His comments, in a speech at the Shangri-La Dialogue yesterday, come two days after the Ministry of Home Affairs said it had detained M. Arifil Azim Putra Norja'i and arrested an unnamed 17-year-old radicalised student for further investigations.
The ministry had said Arifil gave considerable thought as to how he would attack key facilities and assassinate government leaders, but did not go into details.
Mr Lee said yesterday of the case: "This is why Singapore takes terrorism and, in particular, ISIS, very, very seriously. The threat is no longer over there, it's over here."
He also announced Singapore's deployment of a KC-135 tanker refuelling aircraft to the Middle East started yesterday, as part of Singapore's participation in the international coalition against ISIS.
In his speech, Mr Lee said terrorism was not an entirely new phenomenon, and various politically motivated terror groups have largely faded away.
But the current phase of terrorism will be around for a long time, and many societies are now finding home-grown terrorists and self-radicalised individuals who can mount attacks with minimal resources.
ISIS has exploited the Internet and social media and drawn over 20,000 foreign fighters from all over the world, who will pose a threat when they return.
ISIS supporters have carried out lone-wolf attacks in a number of countries and, two weeks ago, ISIS leader Abu Bakr al-Baghdadi repeated a call for Muslims to migrate to the Islamic state or wage war in their home countries, Mr Lee added.
ISIS has also said it intends to establish a wilayat, or province under the caliphate, in South-east Asia, which has become a key recruitment centre for the group.
Over 500 Indonesians and dozens of Malaysians have joined ISIS, and its Malay Archipelago combat unit, Katibah Nusantara, has been active on social media.
Radical groups in the region have pledged their allegiance, including Jemaah Islamiah spiritual leader Abu Bakar Bashir who did so from jail. His followers in Singapore planned to set off truck bombs after the Sept 11, 2001, attacks on America. Several hundred terrorists in jail in Indonesia are also due to be released in the next two years, Mr Lee said.
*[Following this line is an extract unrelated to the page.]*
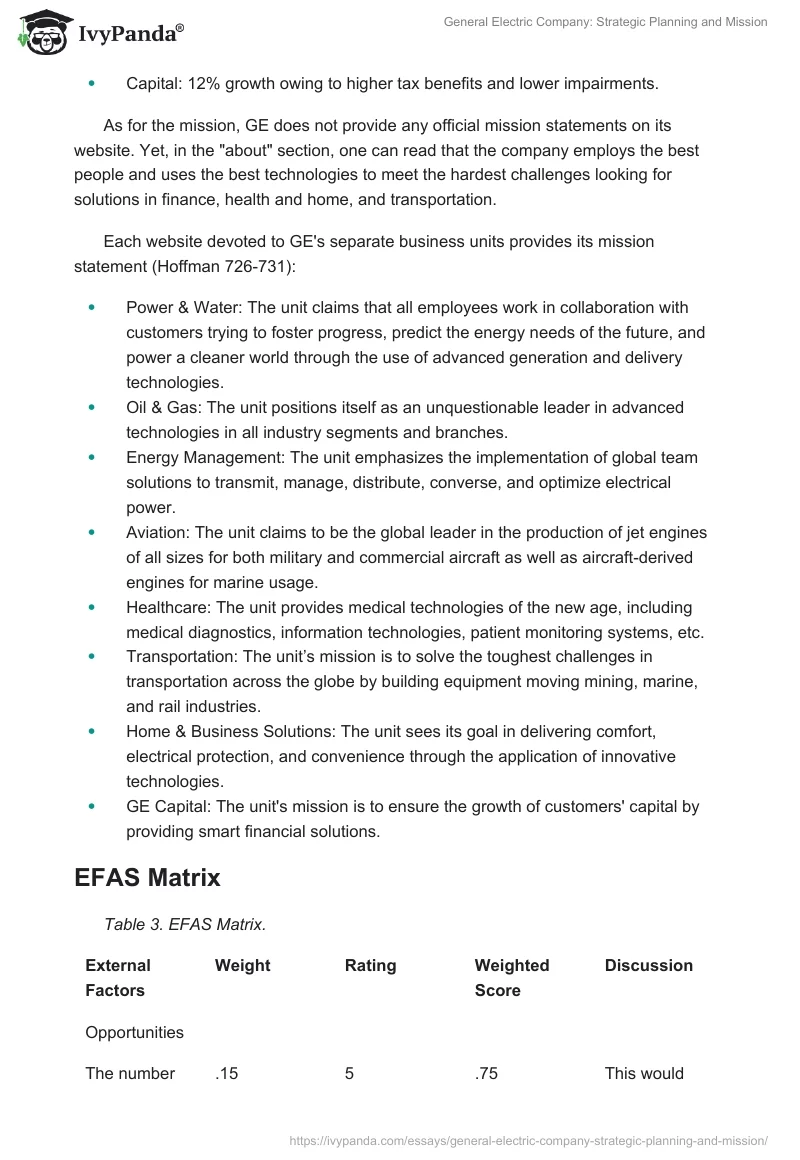 General Electric Company: Strategic Planning and Mission. Page 4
"The idea that ISIS can turn South-east Asia into a province of a worldwide Islamic caliphate controlled by ISIS - that is a grandiose, pie-in-the-sky dream.
"But it is not so far-fetched that ISIS could establish a base somewhere in the region, in a geographical area under its physical control like in Syria and Iraq, somewhere far from the centres of power of state governments, somewhere where government writs do not run," said Mr Lee.
"And there are quite a few such places in South-east Asia. If ISIS did that, it would pose a very serious threat to the whole of South-east Asia."